"We have to show the world that not all of us are like him," vows Colonel Claus von Stauffenberg (Tom Cruise) to a crowded room full of his fellow Nazi officers. They've gathered to plot the overthrow of the Third Reich, starting with the assassination of Hitler and ending with an elegantly crafted military coup. It's certain death if they're found out, but von Stauffenberg has had enough. Being wounded in Tunisia has calcified his deep disdain for the Nazi war machine, and now his dreams of returning Germany to her former integrity swell when he listens to a Victrola recording of Wagner's "Ride of the Valkyries."

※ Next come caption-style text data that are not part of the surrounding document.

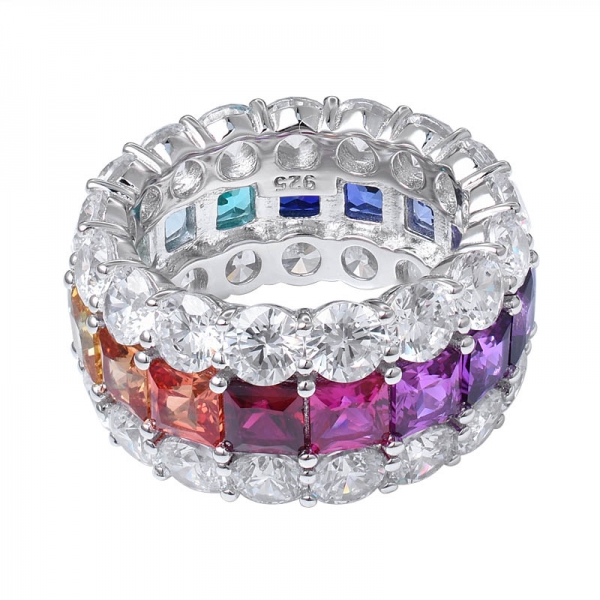 sintetico Sahhpire Princess & Round anello eternity arcobaleno a 3 linee in argento sterling con taglio rodio 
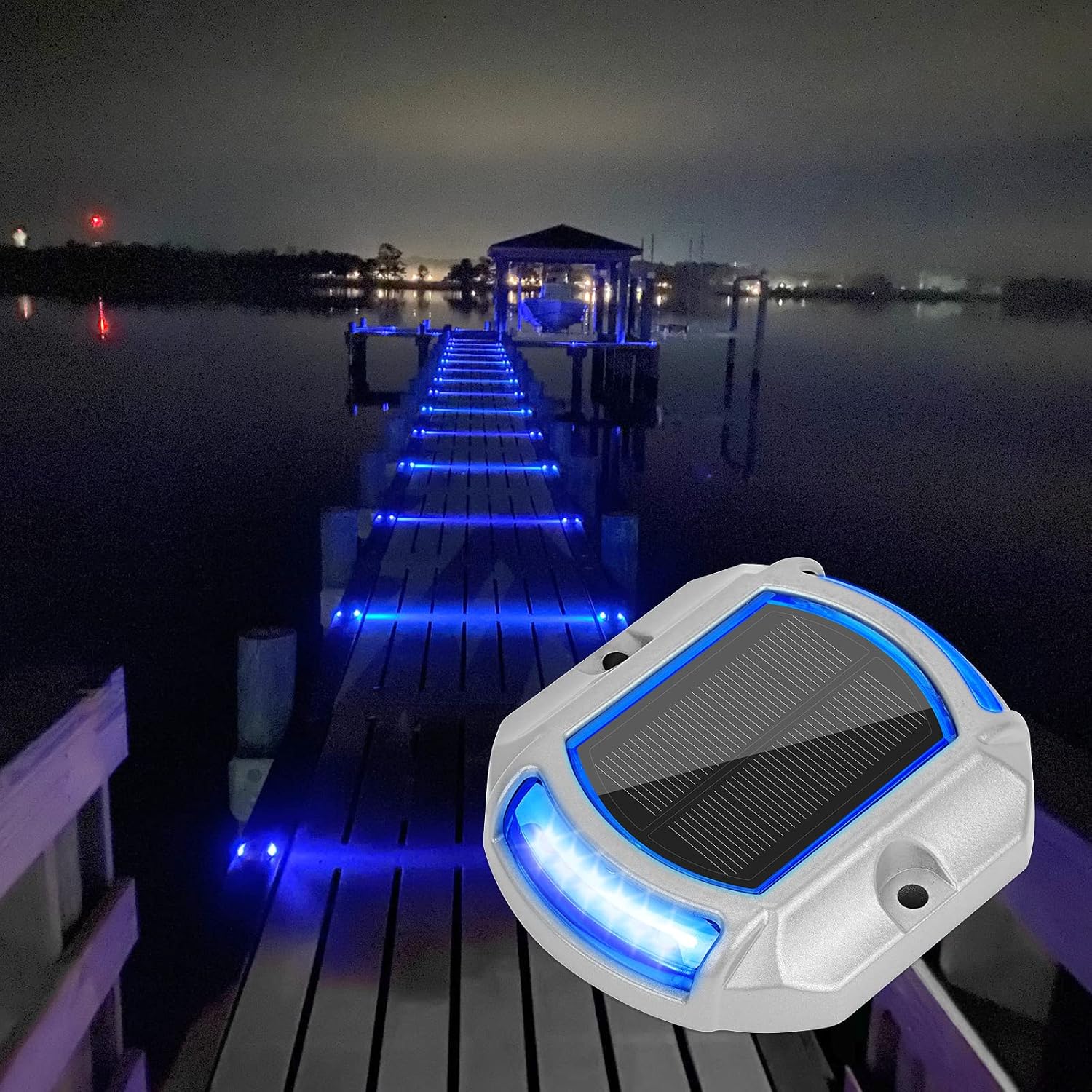 VOLISUN Solar Driveway Lights Dock Deck Lights 12 Pack,2 Colors in 1, LED Solar Powered Waterproof Outdoor Warning Step Light for Driveway Sidewalk Pathway (White/Blue),Auto On/Off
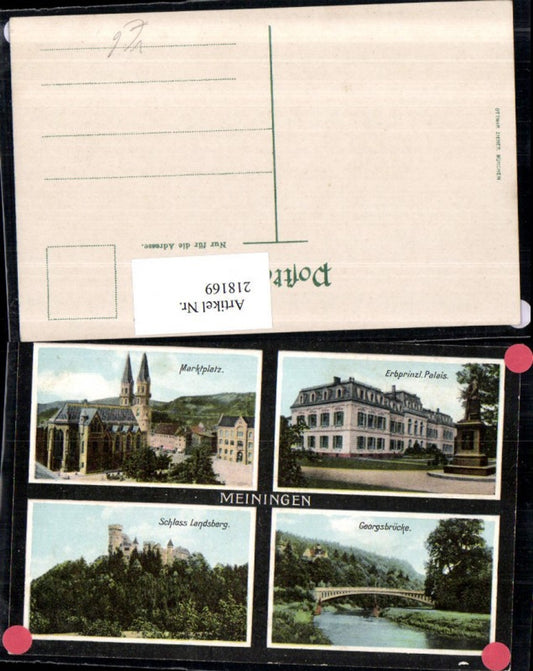 218169, Meiningen Market Square Landsberg Castle Georgsbrücke Hereditary Prince's Palace Multi-view postcard pub Ottmar Zieher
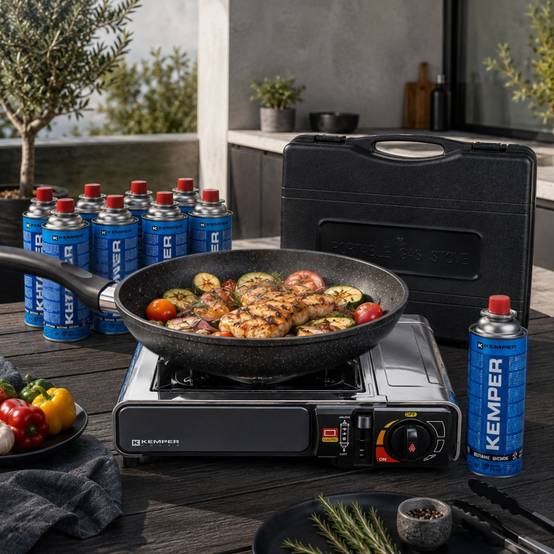 Réchaud à gaz 2200W Inox + 12 Cartouches de gaz Camping Allumage piezo Système Sécurité KEMPER - Image 4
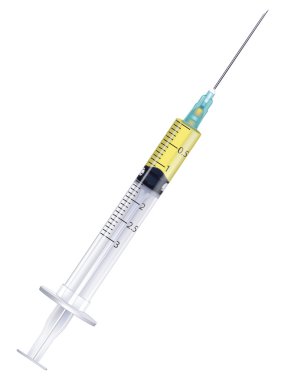 Aşı içinde izole bir şırınga. Vektör çizim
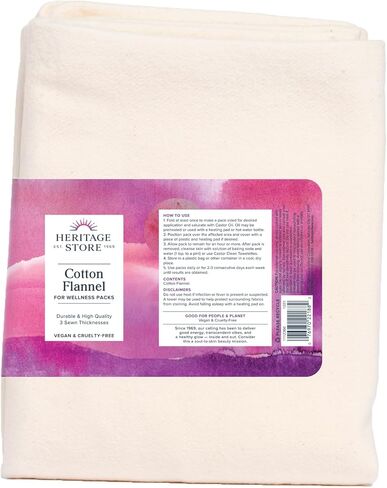Heritage Store Cotton Flannel, Use in Castor Oil Pack, Natural & Unbleached, Sewn in USA, Reusable, 13 x 15 (33x38cm) in Saudi Arabia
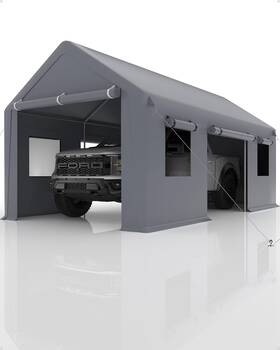 Dexso 711182022659 Portable Garage 13ftx20ft Carport Canopy With Adjustable Poles For Outdoor Storage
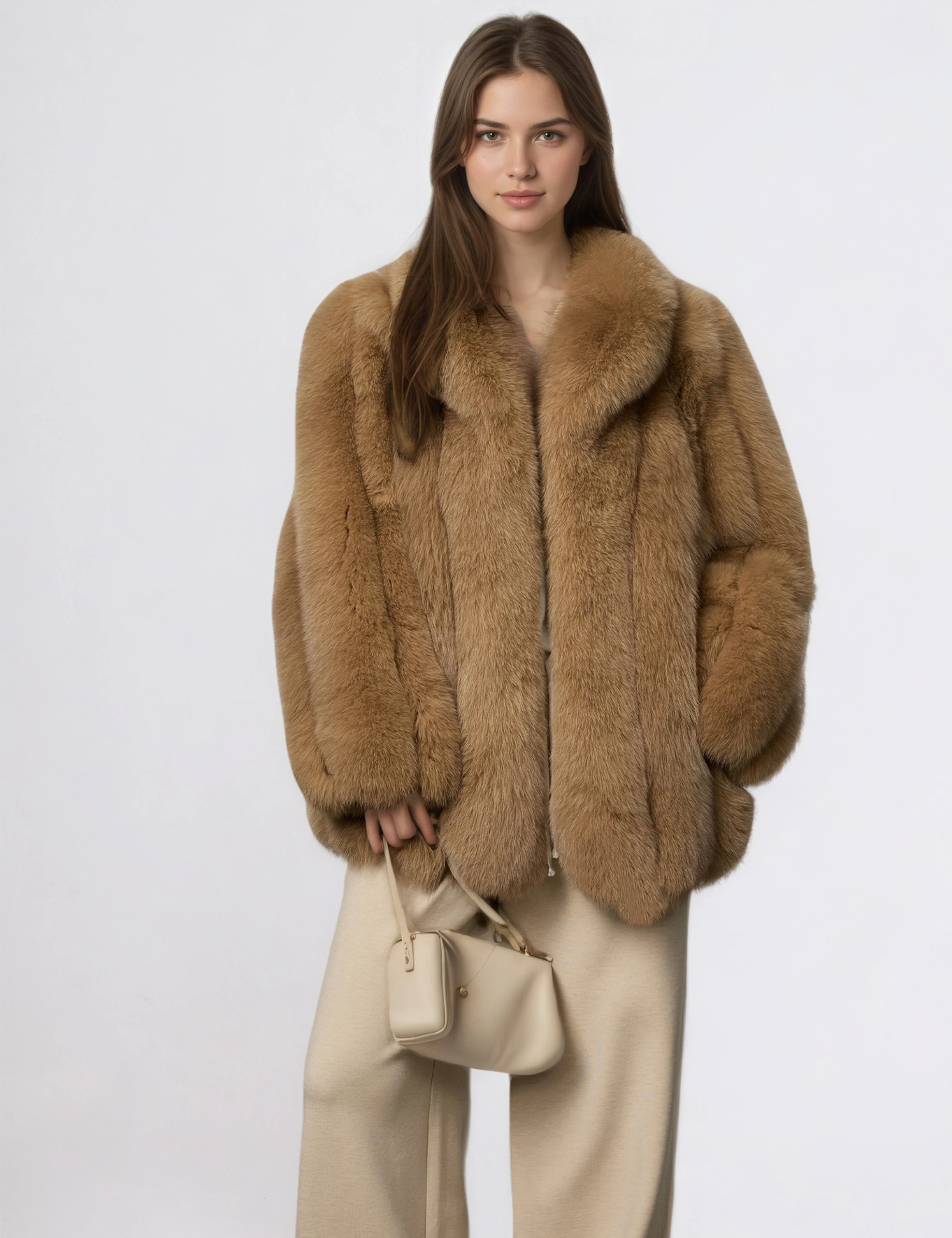 سترة جديدة لشتاء حار لعام 2025 من فرو الثعلب الحقيقي معطف نسائي من الفرو الطبيعي بأكمام طويلة معطف خارجي ملابس خروج عصرية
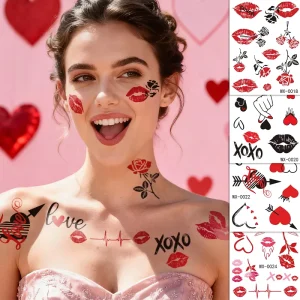 Bespoke Manufacturer Dripping Kiss Mark Heart Pattern Sweatproof Realistic Non toxic Temporary Tattoo Stickers for Beauty Decor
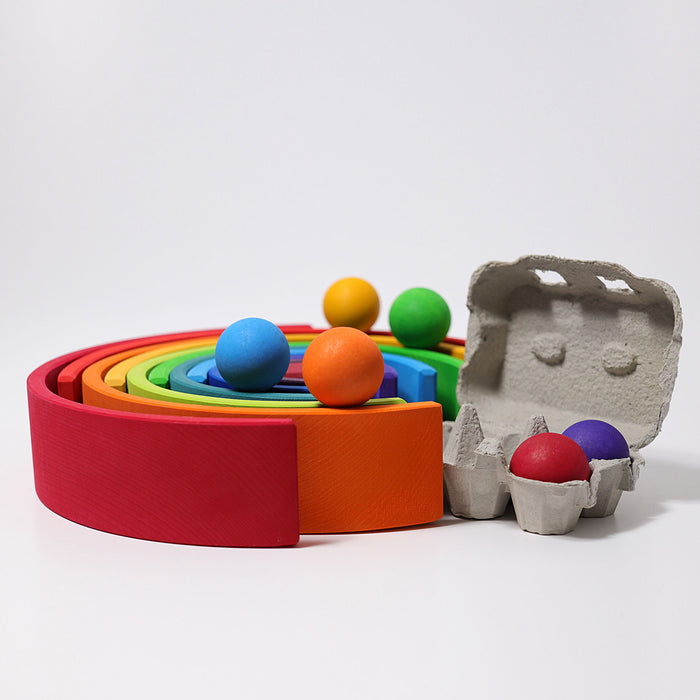 12-Piece Wooden Rainbow Stacking Tunnel - Grimm's Large Rainbow - Grimm's Wooden Toys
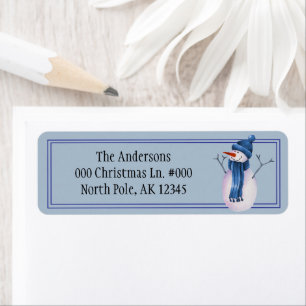 Snowman Blue Hat Scarf Christmas Winter Watercolor Return Address Label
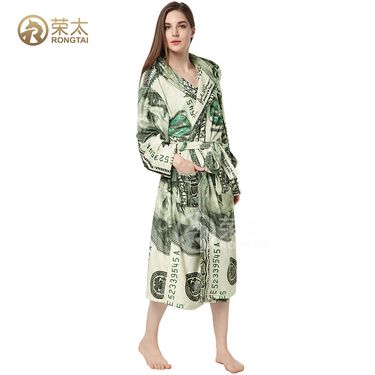 New Dollar Bill Print Couple Hooded Robe Flannel Bathrobe Unique Sleepwear_voghion.com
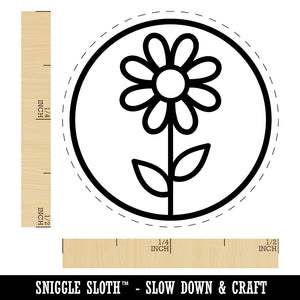 Daisy Flower in Circle Self-Inking Rubber Stamp for Stamping Crafting Planners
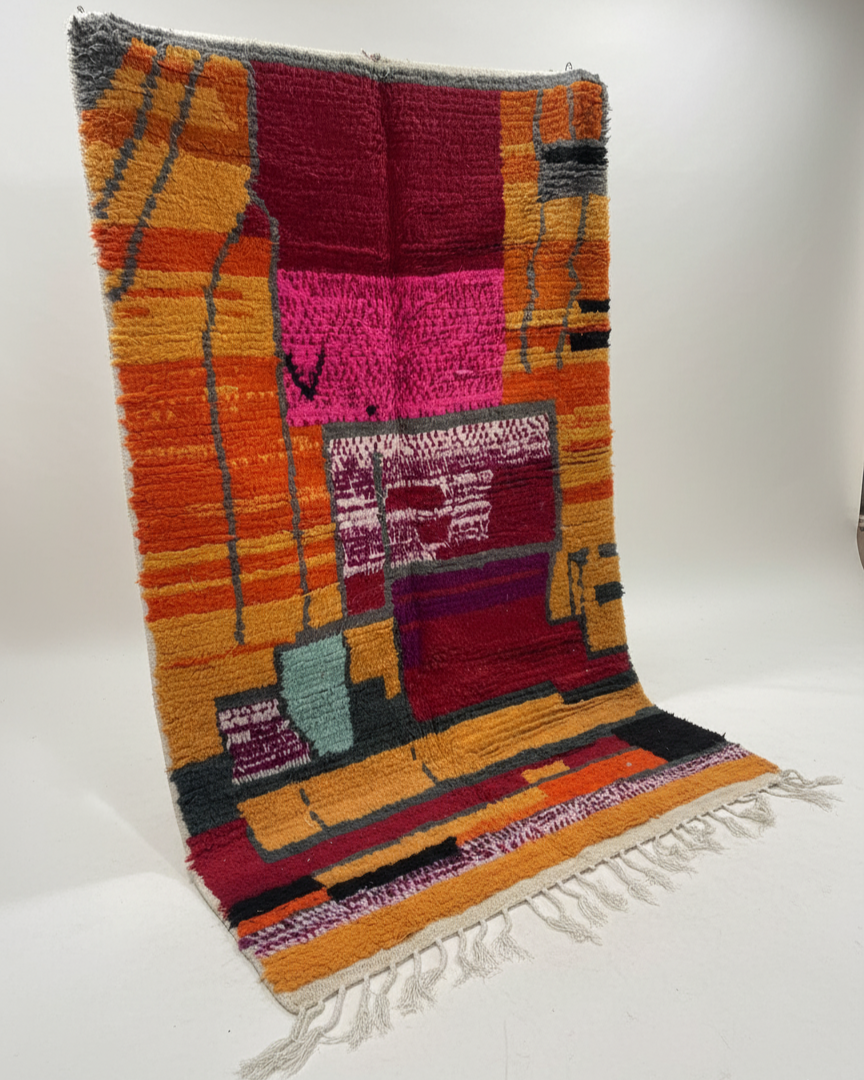 Handcrafted Moroccan Berber Rug – Abstract Color Block Design | 5’ × 8’ (150 × 240 cm) | Vibrant Modern Boho Statement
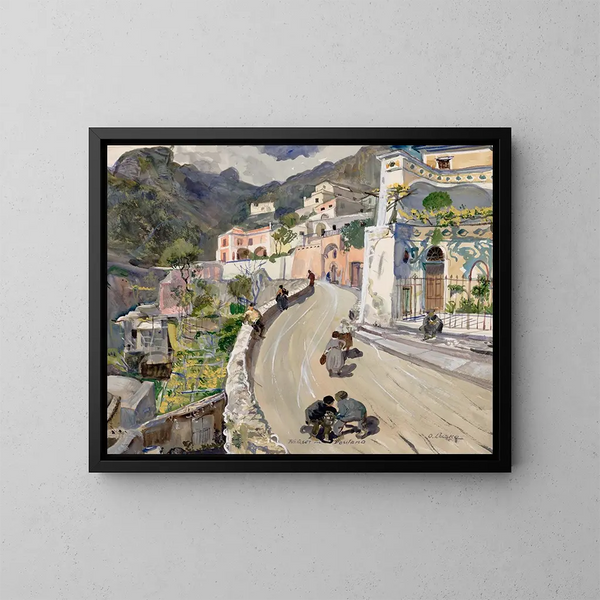 View of Positano - Oskar Laske — framed artwork on a wall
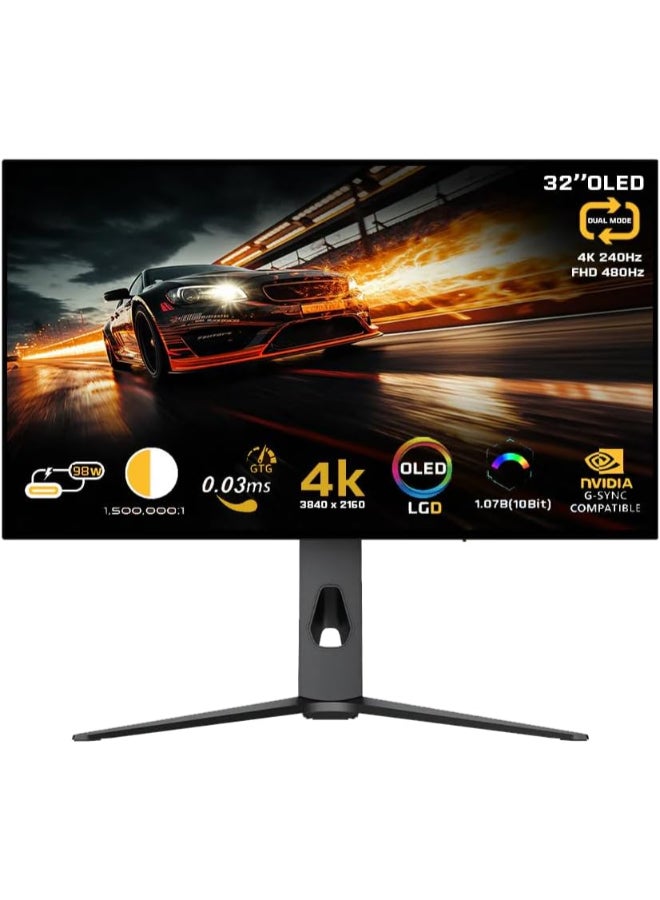 تويستيد مايندز شاشة الألعاب OLED Prestige X بحجم 32 بوصة، 4K 240Hz/FHD 480Hz، HDR10، G-SYNC و FreeSync، زمن استجابة 0.03 مللي ثانية، HDMI 2.1، USB-C 90W، DCI-P3 98.5%، مفتاح KVM، إضاءة RGB، مكبرات صوت مدمجة - Image 1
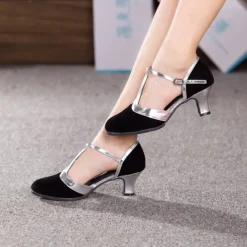 Women's Tan Suede T-Strap Dance Shoes with Soft Suede Sole – Latin Ballroom Heels with Silver Accents for Performance, Practice, and Competitions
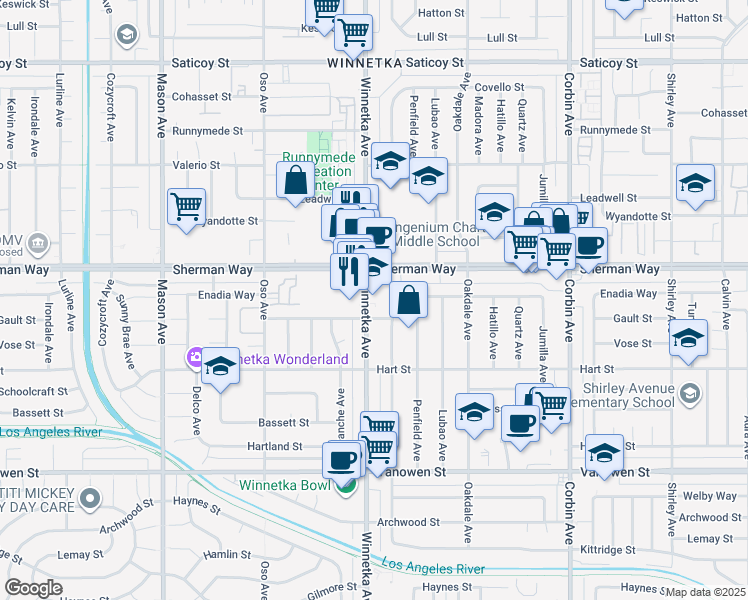 map of restaurants, bars, coffee shops, grocery stores, and more near 7136 Winnetka Avenue in Los Angeles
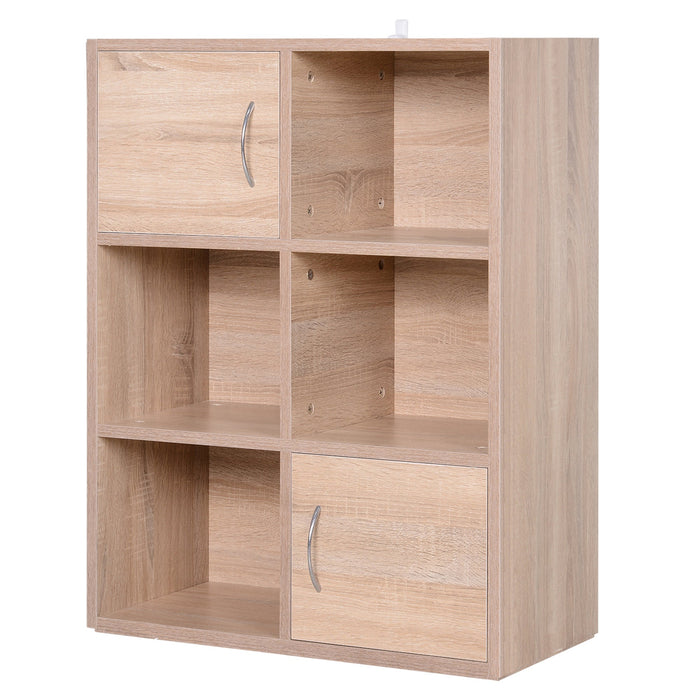 Libreria Scaffale in Legno a 3 Ripiani con 4 Scompartimenti e 2 ante Legno Naturale 61.5x29.5x80 cm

Director Bryan Singer (The Usual Suspects, Superman Returns) doesn't succeed in liberating that tune from the ghost of Apocalypse Now, but every other detail of his World War II thriller is executed spit-and-polish perfectly, even down to the unlikely choice of Cruise in the leading role. Cruise has built a formidable screen legend out of only three acting gears--discipline, rage, and cocksure charm. He's incapable of the kind of Dionysian indolence with which someone like Robert Downey Jr. or the late Heath Ledger could saturate a performance (imagine how much more sensual and fun either of those men could have made Interview With the Vampire or Eyes Wide Shut, two roles that pushed Cruise painfully past his zone of competence.) But here, as a man of impeccable comportment, valor, and honor, those three gears are all he needs. This is a role that's custom made for Cruise (although, for a Nazi, that profile is a little suspect, nicht wahr?) He's refined his trademark tight smile and flash of the eyes in a way that honors, not apes, the way Paul Newman could do the same, and regardless of how his off-screen shenanigans have irreversibly tarnished his on-screen image, the harmony between role and actor allows the audience to believe wholeheartedly in this exceptional man's doomed crusade.
Because he is doomed, right? It's no spoiler to announce that Hitler survives von Stauffenberg's plot, so the filmmakers' challenge is to find a way to make the getting there suspenseful. For the most part Singer succeeds in investing scenes with tension and surprise, but there's no escaping the inevitable. When it arrives, all the importance of the past two hours whooshes out of the story, like hot steam escaping a dejected soufflé. It's like the makers of Titanic could have told them--you can put in all the sturm und drang you want, but in the end the boat has to go down.